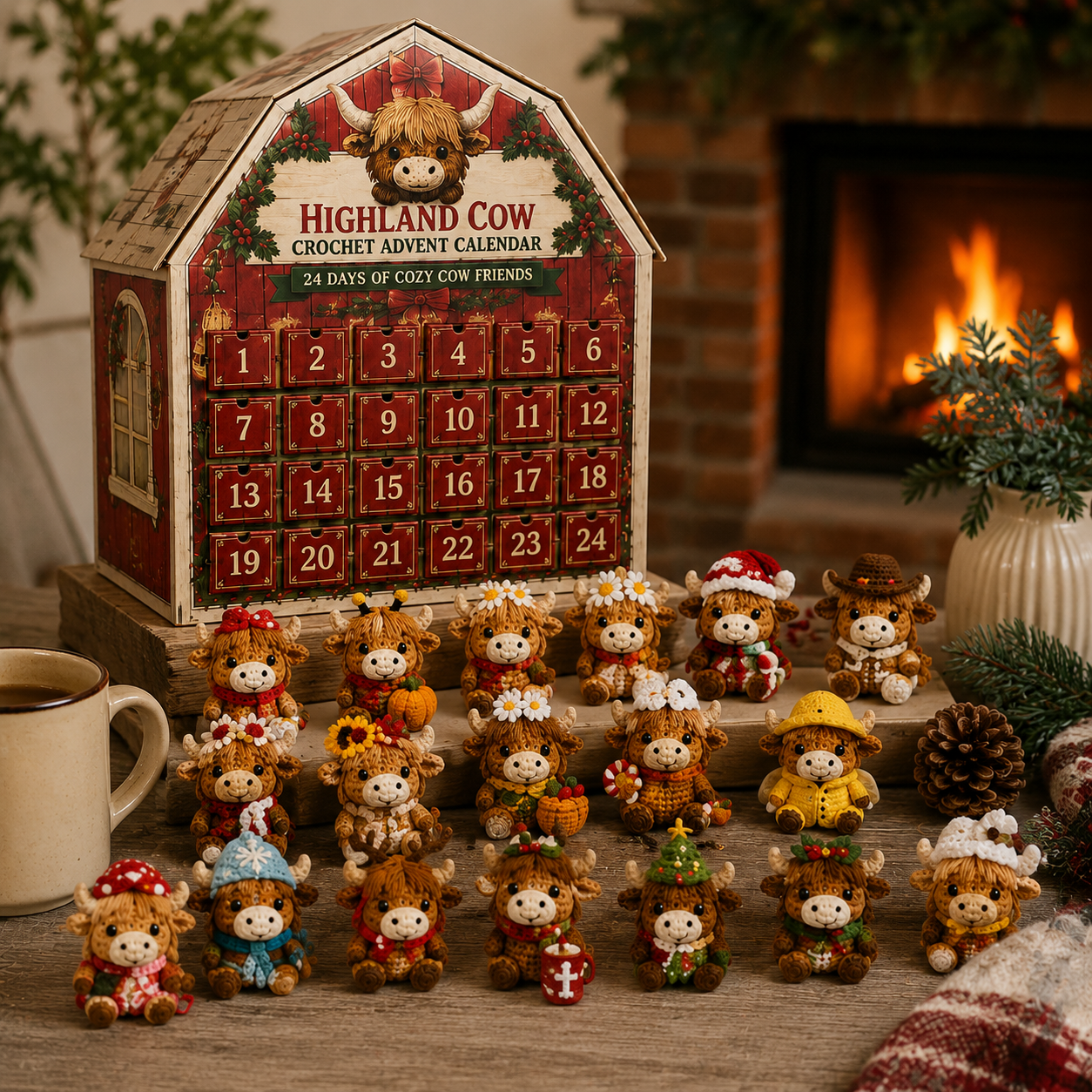 2026 Highland Cow Crochet Advent Calendar – 24 Days of Cozy Cow Friends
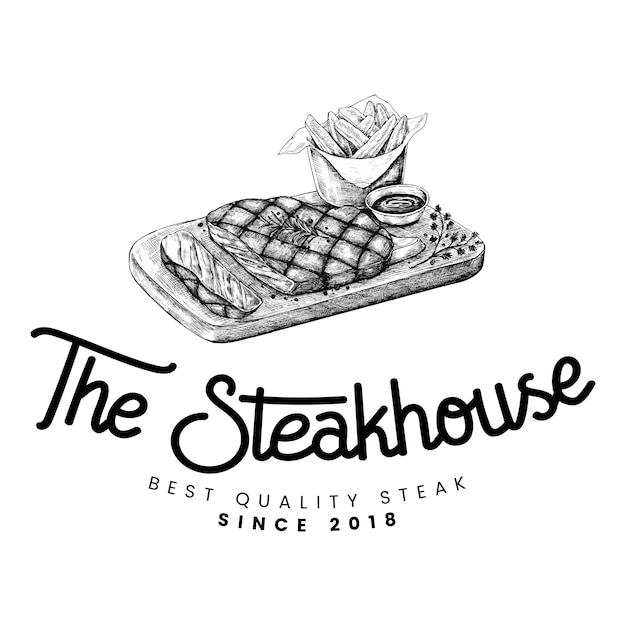 Free Vector the steakhouse logo design vector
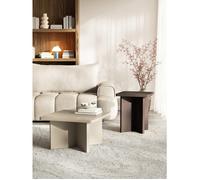 Table basse - QUBEO - 60 cm - carrée - gris cachemire - piètement en croix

_ _ _ _ _

◆ Work to complete: From the first line to the last, output the data exactly; skip any pictures.

◆ Written answer:
 2026 Highland Cow Crochet Advent Calendar – 24 Days of Cozy Cow Friends
 Free Vector the steakhouse logo design vector
 Table basse - QUBEO - 60 cm - carrée - gris cachemire - piètement en croix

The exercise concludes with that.